| WHAT TO WORK ON |
Search the entries for the word "They" and pull out each line that has it.
*** DATA SUPPLIED Section Begins ***
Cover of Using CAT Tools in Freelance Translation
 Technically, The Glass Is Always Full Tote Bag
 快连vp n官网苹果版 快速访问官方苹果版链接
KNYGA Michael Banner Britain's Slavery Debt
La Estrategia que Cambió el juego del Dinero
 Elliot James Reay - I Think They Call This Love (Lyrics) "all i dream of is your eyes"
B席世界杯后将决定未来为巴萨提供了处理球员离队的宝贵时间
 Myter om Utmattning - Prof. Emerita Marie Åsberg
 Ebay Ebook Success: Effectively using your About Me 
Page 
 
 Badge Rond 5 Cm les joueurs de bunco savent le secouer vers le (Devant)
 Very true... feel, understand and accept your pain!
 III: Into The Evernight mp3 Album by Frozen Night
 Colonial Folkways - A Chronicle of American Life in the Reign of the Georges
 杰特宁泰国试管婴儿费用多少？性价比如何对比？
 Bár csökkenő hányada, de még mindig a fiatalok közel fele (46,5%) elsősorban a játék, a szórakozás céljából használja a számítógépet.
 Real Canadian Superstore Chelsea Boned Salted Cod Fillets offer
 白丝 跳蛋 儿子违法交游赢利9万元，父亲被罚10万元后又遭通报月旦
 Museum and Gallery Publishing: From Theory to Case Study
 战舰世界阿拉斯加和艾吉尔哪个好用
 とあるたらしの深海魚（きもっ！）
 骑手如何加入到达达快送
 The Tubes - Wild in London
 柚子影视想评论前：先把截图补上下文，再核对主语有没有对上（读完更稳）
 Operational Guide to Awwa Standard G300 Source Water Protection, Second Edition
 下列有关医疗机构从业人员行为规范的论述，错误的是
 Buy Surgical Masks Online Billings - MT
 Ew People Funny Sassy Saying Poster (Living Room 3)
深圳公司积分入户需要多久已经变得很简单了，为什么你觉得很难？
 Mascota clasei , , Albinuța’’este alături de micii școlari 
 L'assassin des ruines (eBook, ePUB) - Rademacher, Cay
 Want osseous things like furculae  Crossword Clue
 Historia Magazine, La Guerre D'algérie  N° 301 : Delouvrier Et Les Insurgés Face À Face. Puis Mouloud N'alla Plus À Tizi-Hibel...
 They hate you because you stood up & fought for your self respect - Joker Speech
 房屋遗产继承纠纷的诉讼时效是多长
*** DATA SUPPLIED Section Ends ***
| OUTPUT BELOW |
 Elliot James Reay - I Think They Call This Love (Lyrics) "all i dream of is your eyes"
 They hate you because you stood up & fought for your self respect - Joker Speech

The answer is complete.